Recorded data:
== Segment start ==

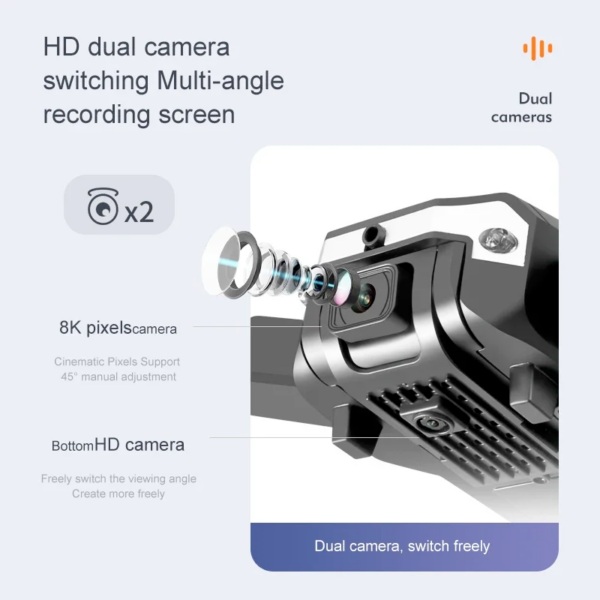 4dcc63f8f5fec7ed For Xiaomi G6 Drone GPS 8K Professional HD Photography Omnidirectional Obstacle Avoidance 5G Unmanned Aerial Vehicle Toys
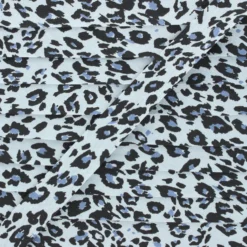 Biais animal léopard bleu x 1 m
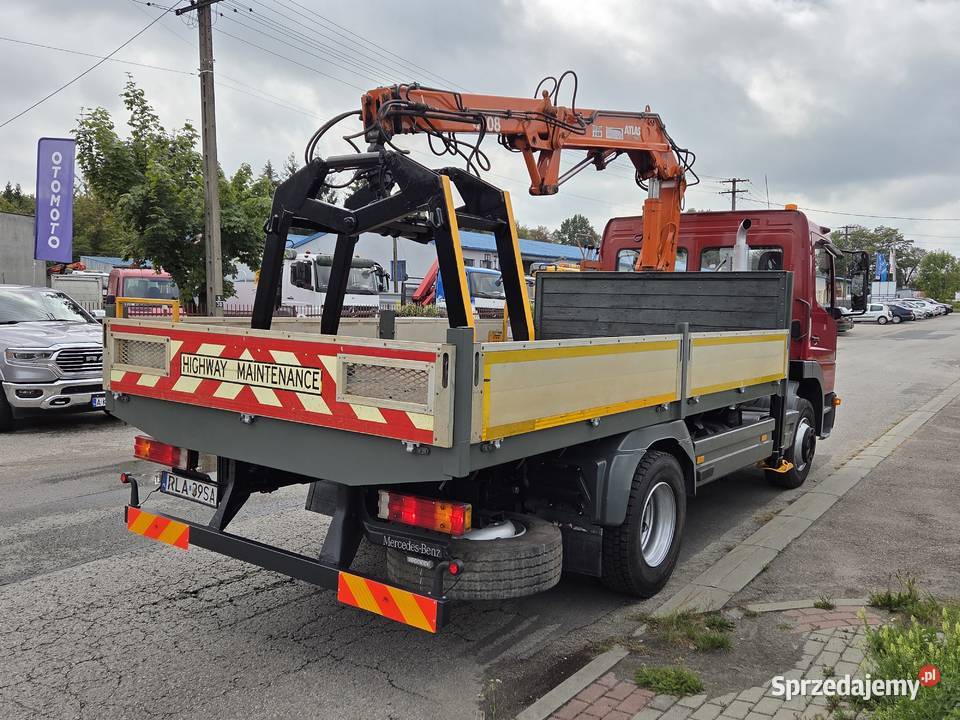 Mercedes ATEGO 1523 1223 HDS Żuraw Dźwig Chwytak Rok produkcji 2001 podkarpackie sprzedam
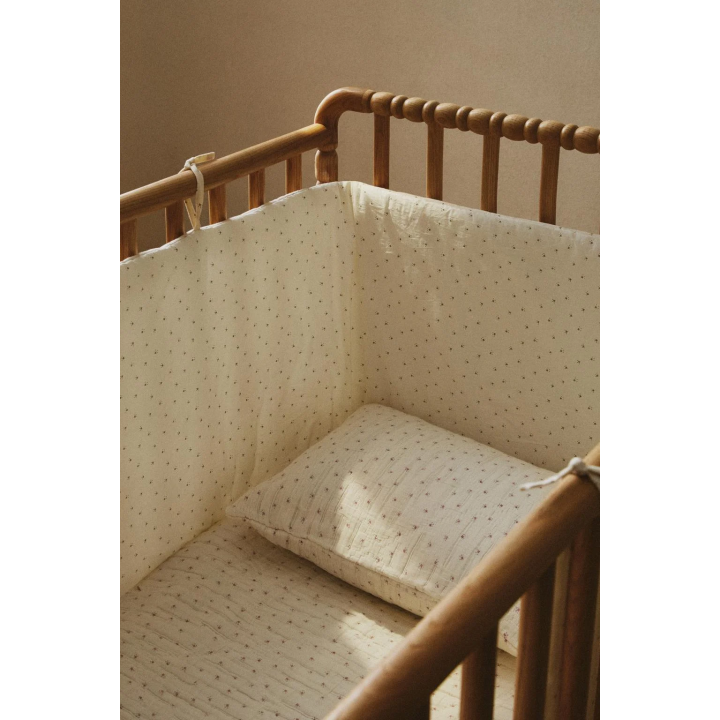 FLORAL BABY COT BUMPER COVER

== Segment end ==

Your assignment:
Leave out the pictures. Transcribe the rest of the listing above exactly.

Result of this task:
 4dcc63f8f5fec7ed For Xiaomi G6 Drone GPS 8K Professional HD Photography Omnidirectional Obstacle Avoidance 5G Unmanned Aerial Vehicle Toys
 Biais animal léopard bleu x 1 m
 Mercedes ATEGO 1523 1223 HDS Żuraw Dźwig Chwytak Rok produkcji 2001 podkarpackie sprzedam
 FLORAL BABY COT BUMPER COVER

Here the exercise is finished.